Leakage Power Minimisation for Embedded Processors
In a large number of pervasive computing examples such as wireless sensor nodes, RFID or personal health care/monitoring, an electronic device is deployed in the field and can be expected to operate without maintenance forever.
The constraint imposed by battery life has resulted in energy harvesting being increasingly used as a method to power a device by scavenging ambient energy from the environment. However, low energy availability results in an energy harvesters output power being severely constrained demanding both high energy efficiency and very low power from the electronics.

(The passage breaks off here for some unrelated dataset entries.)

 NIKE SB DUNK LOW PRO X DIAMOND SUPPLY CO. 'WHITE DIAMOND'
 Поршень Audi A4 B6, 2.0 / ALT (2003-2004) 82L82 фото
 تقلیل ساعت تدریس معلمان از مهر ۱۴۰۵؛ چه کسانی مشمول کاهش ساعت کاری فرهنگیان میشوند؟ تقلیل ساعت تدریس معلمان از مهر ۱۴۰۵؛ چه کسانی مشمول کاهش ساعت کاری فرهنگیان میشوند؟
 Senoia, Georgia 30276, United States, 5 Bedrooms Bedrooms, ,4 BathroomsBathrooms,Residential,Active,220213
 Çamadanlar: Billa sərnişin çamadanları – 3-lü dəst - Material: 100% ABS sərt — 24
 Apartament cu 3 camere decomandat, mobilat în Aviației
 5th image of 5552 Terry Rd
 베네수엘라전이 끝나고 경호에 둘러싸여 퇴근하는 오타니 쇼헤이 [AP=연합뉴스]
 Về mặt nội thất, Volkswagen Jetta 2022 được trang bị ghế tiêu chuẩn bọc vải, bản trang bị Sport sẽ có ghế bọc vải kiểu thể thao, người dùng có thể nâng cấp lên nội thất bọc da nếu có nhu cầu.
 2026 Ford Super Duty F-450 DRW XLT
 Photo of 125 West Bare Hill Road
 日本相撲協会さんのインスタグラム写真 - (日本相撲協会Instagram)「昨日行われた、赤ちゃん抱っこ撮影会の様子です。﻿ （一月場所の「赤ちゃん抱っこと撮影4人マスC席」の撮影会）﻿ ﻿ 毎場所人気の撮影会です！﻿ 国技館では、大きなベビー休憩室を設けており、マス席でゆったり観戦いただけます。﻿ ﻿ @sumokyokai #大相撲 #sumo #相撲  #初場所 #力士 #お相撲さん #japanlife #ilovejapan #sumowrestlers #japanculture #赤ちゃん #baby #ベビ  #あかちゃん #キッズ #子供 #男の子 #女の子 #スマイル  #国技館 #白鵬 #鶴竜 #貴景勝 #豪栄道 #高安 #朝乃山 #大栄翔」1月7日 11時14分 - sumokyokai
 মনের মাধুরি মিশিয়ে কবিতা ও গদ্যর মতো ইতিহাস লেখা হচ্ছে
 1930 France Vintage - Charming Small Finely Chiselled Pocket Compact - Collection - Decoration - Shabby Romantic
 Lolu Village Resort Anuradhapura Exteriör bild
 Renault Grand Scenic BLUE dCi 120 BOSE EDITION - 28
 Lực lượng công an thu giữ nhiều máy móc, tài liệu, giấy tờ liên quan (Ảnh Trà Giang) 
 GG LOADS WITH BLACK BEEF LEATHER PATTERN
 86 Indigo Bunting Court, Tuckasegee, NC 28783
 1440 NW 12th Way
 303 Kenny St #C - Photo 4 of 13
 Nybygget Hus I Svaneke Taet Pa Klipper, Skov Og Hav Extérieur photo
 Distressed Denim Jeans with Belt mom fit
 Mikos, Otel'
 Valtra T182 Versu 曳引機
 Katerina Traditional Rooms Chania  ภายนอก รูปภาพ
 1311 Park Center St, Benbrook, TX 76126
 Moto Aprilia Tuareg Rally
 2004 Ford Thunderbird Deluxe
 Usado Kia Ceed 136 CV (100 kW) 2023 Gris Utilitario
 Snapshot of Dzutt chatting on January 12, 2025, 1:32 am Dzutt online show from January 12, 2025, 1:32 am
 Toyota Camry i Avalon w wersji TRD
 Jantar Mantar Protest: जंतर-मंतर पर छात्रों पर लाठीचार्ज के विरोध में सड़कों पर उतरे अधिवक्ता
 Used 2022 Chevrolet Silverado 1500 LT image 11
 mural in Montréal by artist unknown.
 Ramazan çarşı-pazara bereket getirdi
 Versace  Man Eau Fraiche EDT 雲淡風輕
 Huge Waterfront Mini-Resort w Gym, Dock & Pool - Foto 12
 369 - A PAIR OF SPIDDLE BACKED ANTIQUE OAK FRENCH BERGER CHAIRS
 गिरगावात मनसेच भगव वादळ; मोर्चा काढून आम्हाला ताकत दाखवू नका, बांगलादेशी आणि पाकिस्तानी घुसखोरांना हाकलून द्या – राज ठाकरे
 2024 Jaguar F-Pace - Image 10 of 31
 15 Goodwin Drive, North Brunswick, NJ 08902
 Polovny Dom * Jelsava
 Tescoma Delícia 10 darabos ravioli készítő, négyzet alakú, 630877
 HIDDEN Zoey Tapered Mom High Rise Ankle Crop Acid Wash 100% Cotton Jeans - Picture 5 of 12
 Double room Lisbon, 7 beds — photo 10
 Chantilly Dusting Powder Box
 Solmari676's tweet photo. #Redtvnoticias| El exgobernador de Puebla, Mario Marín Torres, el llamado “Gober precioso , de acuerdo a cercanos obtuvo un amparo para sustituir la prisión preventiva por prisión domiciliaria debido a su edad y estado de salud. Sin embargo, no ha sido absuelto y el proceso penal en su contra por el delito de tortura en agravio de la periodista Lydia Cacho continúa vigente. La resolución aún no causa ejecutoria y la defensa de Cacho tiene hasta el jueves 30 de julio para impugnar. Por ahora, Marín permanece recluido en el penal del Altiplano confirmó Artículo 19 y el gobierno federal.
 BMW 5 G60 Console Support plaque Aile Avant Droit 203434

The research in this project identifies that the fundamental building block of all of these systems is the microprocessor and aims to reduce its power consumption to help meet the power budget of an energy harvester. The work typically done by a microprocessor in these devices allows performance to be lowered to reduce power but comes at the cost of energy being wasted to leakage (power dissipation due to non-ideal properties) rather than being consumed for useful work. As part of the research we develop new leakage power minimisation techniques that can be used in digital circuits during the active mode to reduce the energy that is wasted to these parasitic effects. Primarily, the Sub-Clock Power Gating technique developed in this project capitalises on the idle time of combinational logic, that results from aggressive clock frequency scaling, to power gate it within the clock period to improve overall energy efficiency.